Ever since its initial characterization in the 19th century, tobacco mosaic virus (TMV) has played a prominent role in the development of modern virology and molecular biology. In particular, research on the three-dimensional structure of the virus particles and the mechanism by which these assemble from their constituent protein and RNA components has made TMV a paradigm for our current view of the morphogenesis of self-assembling structures, including viral particles. More recently, this knowledge has been applied to the development of novel reagents and structures for applications in biomedicine and bionanotechnology. In this article, we review how fundamental science has led to TMV being at the vanguard of these new technologies.

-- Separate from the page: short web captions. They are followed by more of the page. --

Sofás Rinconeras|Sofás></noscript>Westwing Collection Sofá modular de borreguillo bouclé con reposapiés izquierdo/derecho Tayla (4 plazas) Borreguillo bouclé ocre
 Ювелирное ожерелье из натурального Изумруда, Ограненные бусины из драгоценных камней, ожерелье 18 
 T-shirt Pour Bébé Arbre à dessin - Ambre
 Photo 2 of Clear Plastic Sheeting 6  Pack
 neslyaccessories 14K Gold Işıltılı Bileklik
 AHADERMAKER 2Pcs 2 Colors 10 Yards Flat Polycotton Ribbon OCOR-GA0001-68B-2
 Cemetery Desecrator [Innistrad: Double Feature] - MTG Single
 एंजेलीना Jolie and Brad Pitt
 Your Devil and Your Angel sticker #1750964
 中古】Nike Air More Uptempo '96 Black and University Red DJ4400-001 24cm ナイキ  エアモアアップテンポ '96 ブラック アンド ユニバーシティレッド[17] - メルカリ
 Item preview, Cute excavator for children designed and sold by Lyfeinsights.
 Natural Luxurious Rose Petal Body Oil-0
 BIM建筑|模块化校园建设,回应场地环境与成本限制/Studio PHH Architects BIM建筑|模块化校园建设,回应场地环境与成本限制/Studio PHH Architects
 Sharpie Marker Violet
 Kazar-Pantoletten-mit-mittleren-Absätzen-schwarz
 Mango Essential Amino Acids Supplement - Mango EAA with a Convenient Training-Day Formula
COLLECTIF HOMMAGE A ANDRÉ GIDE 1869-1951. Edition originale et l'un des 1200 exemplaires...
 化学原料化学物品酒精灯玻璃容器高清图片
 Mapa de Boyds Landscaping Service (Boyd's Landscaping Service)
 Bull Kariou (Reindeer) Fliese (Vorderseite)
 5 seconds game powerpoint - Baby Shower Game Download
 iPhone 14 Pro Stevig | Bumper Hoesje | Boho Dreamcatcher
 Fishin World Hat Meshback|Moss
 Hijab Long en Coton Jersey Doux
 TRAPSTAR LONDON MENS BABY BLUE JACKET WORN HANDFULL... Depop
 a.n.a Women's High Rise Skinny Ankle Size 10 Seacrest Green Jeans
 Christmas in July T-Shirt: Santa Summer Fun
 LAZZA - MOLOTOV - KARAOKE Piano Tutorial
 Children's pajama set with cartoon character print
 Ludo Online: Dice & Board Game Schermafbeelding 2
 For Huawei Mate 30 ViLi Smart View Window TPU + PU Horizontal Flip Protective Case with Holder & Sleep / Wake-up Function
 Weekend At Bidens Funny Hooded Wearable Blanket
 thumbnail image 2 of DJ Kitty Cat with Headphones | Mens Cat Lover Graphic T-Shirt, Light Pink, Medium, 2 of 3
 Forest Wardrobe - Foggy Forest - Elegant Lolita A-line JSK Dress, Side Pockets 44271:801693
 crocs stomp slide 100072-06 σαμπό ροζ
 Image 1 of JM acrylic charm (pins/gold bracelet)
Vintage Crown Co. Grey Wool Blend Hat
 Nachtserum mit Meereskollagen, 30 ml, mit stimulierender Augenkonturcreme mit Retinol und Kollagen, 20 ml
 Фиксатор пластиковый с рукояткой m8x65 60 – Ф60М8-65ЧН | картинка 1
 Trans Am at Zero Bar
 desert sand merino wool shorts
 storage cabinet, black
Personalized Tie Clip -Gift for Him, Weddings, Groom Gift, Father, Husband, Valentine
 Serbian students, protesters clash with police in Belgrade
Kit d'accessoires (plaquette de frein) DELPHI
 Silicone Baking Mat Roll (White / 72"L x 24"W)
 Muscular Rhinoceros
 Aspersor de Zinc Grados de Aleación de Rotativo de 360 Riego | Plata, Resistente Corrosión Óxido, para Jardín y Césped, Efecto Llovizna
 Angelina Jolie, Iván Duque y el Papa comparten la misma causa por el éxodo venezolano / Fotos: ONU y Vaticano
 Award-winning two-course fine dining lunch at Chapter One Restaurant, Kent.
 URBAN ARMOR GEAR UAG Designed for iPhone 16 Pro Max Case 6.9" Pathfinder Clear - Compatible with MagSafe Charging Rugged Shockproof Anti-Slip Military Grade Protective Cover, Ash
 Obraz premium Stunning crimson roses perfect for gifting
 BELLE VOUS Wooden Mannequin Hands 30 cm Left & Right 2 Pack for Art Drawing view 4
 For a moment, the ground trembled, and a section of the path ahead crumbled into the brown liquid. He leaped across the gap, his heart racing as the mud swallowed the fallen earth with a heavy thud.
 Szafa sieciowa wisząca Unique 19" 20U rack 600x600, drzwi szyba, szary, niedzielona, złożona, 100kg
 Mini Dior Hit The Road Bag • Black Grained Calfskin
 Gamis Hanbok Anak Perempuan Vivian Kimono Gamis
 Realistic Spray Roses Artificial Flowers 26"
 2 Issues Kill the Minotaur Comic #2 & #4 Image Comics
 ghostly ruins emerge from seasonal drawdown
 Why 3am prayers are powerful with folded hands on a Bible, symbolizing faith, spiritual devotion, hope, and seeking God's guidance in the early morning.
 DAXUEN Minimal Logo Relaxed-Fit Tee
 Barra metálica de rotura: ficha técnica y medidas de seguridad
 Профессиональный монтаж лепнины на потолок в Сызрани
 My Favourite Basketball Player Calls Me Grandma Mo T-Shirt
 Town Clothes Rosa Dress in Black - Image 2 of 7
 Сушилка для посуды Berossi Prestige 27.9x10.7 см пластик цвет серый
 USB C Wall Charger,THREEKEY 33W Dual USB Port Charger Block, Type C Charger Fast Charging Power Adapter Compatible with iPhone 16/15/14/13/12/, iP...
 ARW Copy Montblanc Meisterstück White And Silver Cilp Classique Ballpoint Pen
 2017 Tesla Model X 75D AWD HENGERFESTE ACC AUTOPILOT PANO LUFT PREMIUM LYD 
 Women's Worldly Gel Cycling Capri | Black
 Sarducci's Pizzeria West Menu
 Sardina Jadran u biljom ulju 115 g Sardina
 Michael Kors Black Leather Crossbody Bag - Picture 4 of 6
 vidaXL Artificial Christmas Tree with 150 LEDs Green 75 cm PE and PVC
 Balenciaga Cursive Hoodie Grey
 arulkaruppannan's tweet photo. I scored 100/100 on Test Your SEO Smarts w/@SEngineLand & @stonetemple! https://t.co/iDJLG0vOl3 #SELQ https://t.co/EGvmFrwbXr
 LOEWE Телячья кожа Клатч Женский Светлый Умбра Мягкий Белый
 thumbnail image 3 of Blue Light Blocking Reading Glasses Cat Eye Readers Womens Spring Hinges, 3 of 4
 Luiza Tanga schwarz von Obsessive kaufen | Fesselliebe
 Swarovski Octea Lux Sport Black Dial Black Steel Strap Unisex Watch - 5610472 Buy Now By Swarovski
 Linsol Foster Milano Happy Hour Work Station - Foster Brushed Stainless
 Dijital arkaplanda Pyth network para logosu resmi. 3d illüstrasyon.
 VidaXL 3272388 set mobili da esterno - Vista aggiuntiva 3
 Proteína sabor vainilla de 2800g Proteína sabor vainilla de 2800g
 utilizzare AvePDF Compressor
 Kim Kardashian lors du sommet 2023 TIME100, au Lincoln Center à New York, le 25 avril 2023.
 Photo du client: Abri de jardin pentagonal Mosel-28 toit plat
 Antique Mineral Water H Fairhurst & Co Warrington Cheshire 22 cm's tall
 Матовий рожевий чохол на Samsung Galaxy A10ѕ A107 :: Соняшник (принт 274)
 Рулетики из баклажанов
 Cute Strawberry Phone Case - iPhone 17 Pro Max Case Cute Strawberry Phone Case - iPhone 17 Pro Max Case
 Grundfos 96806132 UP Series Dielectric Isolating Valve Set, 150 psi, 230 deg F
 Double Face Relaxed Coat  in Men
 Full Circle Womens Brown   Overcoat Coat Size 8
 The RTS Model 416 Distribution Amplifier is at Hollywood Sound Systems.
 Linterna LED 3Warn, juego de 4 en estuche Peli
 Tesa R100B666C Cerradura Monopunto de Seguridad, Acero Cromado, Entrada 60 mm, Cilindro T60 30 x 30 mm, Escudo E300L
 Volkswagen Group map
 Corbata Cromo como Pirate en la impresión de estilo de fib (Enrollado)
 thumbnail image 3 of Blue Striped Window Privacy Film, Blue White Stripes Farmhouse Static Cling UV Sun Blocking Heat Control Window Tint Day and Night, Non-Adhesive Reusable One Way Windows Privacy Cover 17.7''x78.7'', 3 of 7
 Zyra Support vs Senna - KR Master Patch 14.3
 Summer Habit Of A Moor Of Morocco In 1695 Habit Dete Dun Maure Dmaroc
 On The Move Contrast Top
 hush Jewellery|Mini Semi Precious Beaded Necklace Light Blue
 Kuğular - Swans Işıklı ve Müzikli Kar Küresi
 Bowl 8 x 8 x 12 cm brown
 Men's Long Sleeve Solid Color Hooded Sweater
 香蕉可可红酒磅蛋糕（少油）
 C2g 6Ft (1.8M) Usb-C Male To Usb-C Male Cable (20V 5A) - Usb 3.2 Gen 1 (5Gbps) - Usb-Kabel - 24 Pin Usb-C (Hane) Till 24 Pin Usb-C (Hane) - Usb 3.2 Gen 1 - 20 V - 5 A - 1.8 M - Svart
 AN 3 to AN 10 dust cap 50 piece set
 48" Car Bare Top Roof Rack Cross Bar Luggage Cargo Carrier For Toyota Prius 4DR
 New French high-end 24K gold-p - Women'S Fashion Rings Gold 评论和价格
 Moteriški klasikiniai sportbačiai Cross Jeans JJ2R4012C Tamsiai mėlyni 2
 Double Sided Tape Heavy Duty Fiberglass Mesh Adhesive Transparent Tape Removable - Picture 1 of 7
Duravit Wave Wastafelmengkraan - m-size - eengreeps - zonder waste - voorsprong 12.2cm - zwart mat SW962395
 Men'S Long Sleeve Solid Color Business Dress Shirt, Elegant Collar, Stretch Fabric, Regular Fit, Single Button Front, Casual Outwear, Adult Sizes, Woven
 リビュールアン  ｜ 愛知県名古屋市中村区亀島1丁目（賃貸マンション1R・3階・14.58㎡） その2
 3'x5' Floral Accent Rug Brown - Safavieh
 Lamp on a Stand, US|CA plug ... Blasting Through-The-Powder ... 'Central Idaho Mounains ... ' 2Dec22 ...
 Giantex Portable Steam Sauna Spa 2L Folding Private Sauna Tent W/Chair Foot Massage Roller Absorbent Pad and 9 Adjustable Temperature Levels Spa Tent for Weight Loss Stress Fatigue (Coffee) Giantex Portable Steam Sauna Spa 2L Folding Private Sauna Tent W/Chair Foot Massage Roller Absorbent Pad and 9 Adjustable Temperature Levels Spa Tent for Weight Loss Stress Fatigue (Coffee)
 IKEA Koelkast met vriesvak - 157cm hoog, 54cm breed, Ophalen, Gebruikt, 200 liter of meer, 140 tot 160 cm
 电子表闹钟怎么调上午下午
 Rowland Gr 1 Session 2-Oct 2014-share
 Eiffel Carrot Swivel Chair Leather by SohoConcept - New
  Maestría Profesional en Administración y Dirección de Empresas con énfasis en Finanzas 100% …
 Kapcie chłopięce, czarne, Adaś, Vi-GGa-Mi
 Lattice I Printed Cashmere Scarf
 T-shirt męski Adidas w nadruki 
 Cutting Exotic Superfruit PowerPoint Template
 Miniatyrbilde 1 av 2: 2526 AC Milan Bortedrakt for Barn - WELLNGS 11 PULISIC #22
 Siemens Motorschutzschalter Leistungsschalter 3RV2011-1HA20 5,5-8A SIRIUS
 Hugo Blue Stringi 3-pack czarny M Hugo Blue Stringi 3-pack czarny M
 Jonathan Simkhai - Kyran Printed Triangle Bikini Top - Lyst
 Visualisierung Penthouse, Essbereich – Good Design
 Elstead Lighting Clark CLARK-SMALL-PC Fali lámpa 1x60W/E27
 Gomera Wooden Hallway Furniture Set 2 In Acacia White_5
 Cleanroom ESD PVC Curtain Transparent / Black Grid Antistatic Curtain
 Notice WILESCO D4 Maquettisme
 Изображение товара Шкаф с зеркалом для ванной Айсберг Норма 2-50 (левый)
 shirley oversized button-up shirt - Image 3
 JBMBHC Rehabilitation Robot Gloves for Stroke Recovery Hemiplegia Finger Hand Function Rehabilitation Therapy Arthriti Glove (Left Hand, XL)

Keywords: Chemical modification; Coat protein; Nanorings; Nanostars; Origin of assembly; Peptide presentation; Self-assembly.

Fig. 1

TMV—the basics. (A) Diagram of the genomic RNA showing the three open reading frames (ORFs) for the polymerase, movement protein (MP), and coat protein (CP). The position of the leaky UAG codon within the polymerase ORF is indicated. The sites for insertion into a surface loop (L) and the C-terminus (C) are shown by red arrows above the CP ORF. (B) Tertiary structure of an isolated CP subunit. (C) Structure of the two-layer disk as seen in the crystal structure of the four-layer aggregate described by Bhyravbhatla et al. (1998). (D) View down the assembled nucleoprotein helix. (E) View along the TMV rod. In each case the exposed surface loop and C-terminus of the CP are indicated in red.

Fig. 2

Examples of applications of TMV particles. The image in the center shows a TMV rod assembling via the traveling loop mechanism. The various applications are described throughout the text. Reproduced under the terms of the Creative Commons Attribution 2.0 International Public License from Koch et al. (2016).

Fig. 3

Redesigning the shape of TMV-derived nanoobjects. RNA-directed growth and combination of nanotubular structures using in vitro technology. (A) Nanorings assembled and stabilized by help of a 204-nt long, OAS-containing RNA. (B) Kinked and branched boomerang up to tetrapod products accessed through colliding nanotube domain ends growing on RNA scaffolds with two up to five OAS. (C) TMV-like nanorods with selectively addressable longitudinal subdomains, obtained either by serial assembly with limited amounts of distinct CP species or in a nanometrically defined manner by a DNA blocking element-enabled stop-and-go procedure. Bottom row: Hybrid assemblies with nonbiomolecular core structures: (D) nanostars with TMV-deduced arms, grown by bottom-up technology on DNA-programmed gold beads. (E₁–E₄) Expanded nanoarchitectures with up to four TMV arms linked covalently to tetrahedral adamantane-based organic cores.